Ca a été une semaine assez chargée pour moi (et ça ne va pas s'améliorer) travail tard tout ça tout ça ... aussi la fatigue ne m'a pas permis d'avancer beaucoup, mais au moins j'ai écrit quelques chapitres à l'avance.
Il va falloir que je me force sinon je n'y arriverais jamais et nianiania on s'en fout de ma vie allez xD
Merci à tous ceux qui lisent cette fanfic :)

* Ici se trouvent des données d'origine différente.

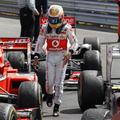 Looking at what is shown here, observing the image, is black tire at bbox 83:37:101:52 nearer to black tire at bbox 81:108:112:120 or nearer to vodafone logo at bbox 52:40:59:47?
vodafone logo at bbox 52:40:59:47

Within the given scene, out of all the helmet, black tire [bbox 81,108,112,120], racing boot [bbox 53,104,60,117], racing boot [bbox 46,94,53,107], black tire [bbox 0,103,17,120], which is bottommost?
racing boot [bbox 53,104,60,117]

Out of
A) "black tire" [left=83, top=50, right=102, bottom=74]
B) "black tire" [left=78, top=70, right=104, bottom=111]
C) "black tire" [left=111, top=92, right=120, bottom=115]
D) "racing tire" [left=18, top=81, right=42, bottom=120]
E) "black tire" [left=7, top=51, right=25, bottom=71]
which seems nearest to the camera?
"black tire" [left=111, top=92, right=120, bottom=115]

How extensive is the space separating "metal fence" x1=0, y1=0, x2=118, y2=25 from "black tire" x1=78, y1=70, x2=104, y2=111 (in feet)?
39.3

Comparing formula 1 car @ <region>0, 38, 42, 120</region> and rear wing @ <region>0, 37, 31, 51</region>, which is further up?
rear wing @ <region>0, 37, 31, 51</region>

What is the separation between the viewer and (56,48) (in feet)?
30.4

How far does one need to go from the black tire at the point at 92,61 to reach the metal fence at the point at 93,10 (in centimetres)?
946

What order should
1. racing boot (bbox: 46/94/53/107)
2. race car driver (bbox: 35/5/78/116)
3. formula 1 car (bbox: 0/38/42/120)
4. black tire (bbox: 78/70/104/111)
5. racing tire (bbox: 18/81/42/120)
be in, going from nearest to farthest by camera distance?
formula 1 car (bbox: 0/38/42/120)
racing tire (bbox: 18/81/42/120)
black tire (bbox: 78/70/104/111)
race car driver (bbox: 35/5/78/116)
racing boot (bbox: 46/94/53/107)

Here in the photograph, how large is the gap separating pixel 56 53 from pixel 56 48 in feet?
0.25

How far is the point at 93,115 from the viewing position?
6707mm

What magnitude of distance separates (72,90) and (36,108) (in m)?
3.47

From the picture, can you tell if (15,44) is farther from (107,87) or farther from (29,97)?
(29,97)

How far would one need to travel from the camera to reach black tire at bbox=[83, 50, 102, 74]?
37.5ft

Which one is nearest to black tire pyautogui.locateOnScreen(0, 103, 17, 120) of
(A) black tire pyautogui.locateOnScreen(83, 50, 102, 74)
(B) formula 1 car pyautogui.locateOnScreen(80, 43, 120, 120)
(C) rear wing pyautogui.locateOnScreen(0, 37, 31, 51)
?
(B) formula 1 car pyautogui.locateOnScreen(80, 43, 120, 120)

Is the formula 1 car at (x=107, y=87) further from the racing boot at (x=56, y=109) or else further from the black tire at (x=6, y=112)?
the black tire at (x=6, y=112) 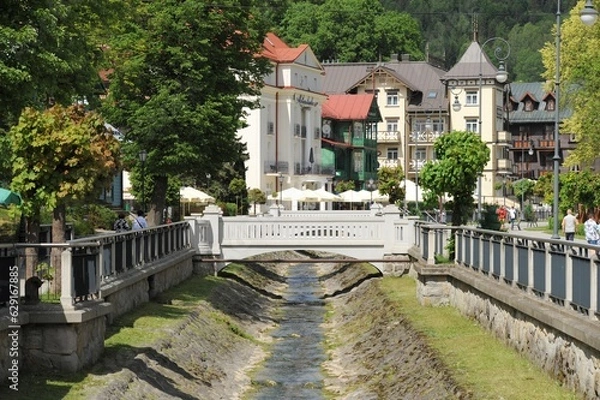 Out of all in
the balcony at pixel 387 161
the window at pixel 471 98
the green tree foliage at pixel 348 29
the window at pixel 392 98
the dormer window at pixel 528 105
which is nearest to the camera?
the window at pixel 471 98

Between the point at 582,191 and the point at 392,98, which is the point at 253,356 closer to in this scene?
the point at 582,191

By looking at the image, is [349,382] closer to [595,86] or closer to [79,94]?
[79,94]

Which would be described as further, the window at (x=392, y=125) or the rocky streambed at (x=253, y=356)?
the window at (x=392, y=125)

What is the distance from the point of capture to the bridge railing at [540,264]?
18.7 m

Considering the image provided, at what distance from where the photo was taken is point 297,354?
112 ft

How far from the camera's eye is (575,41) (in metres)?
79.6

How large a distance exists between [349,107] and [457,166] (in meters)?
94.1

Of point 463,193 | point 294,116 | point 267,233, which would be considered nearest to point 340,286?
point 267,233

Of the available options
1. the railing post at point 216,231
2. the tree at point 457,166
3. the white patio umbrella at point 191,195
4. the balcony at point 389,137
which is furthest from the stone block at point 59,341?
the balcony at point 389,137

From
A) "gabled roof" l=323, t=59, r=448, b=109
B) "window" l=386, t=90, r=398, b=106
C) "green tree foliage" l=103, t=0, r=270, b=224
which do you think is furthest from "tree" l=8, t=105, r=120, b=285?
"window" l=386, t=90, r=398, b=106

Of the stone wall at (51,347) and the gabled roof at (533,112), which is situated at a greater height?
the gabled roof at (533,112)

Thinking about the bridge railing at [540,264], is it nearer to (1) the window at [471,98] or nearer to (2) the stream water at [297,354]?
(2) the stream water at [297,354]

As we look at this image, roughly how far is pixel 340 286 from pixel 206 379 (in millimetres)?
27190

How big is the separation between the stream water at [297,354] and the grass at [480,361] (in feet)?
8.54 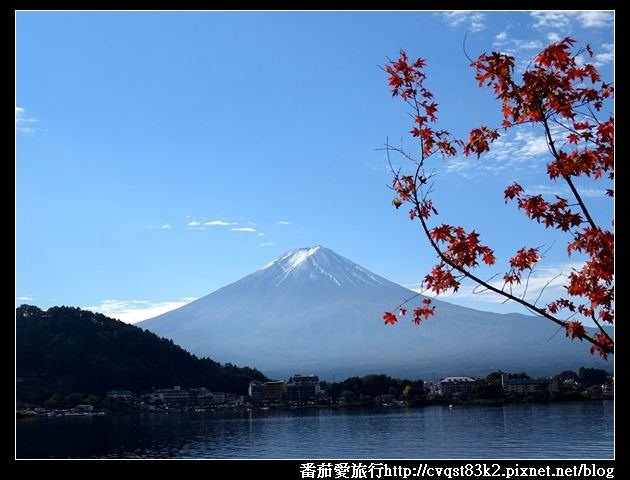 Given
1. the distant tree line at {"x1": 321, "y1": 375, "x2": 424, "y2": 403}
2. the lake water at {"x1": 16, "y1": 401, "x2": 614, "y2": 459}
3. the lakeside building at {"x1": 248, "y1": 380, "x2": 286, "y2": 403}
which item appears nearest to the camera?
the lake water at {"x1": 16, "y1": 401, "x2": 614, "y2": 459}

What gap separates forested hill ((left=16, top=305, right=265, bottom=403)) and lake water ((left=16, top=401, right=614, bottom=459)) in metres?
1.38

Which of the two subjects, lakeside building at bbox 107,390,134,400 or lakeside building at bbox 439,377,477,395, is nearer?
lakeside building at bbox 107,390,134,400

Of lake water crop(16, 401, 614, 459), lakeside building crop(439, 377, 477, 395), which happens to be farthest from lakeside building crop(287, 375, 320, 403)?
lakeside building crop(439, 377, 477, 395)

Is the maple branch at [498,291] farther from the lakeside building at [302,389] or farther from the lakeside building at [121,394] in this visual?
the lakeside building at [302,389]

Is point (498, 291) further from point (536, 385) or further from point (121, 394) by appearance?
point (536, 385)

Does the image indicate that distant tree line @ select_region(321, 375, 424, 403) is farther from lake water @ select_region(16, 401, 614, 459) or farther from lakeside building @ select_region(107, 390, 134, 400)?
lakeside building @ select_region(107, 390, 134, 400)

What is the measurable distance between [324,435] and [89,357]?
917 cm

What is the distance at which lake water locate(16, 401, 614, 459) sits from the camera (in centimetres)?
2088

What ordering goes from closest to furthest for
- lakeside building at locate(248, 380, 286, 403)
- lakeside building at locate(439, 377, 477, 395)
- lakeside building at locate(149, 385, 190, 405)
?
1. lakeside building at locate(149, 385, 190, 405)
2. lakeside building at locate(248, 380, 286, 403)
3. lakeside building at locate(439, 377, 477, 395)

Riorim: C'était pas voulu qu'il ressemble à Ellyren, j'ai tout fait pour qu'il ne le soit pas ceci dit. Après Ellyren, il est un peu con, faut dire xD Oula, le pauvre Théo quand même. Il a pas fini d'en baver... au même titre que les autres, évidemment, chacun son tour, chacun sa partie xD Shinddha est ton personnage préféré ? Je suis désolée d'avance pour toi.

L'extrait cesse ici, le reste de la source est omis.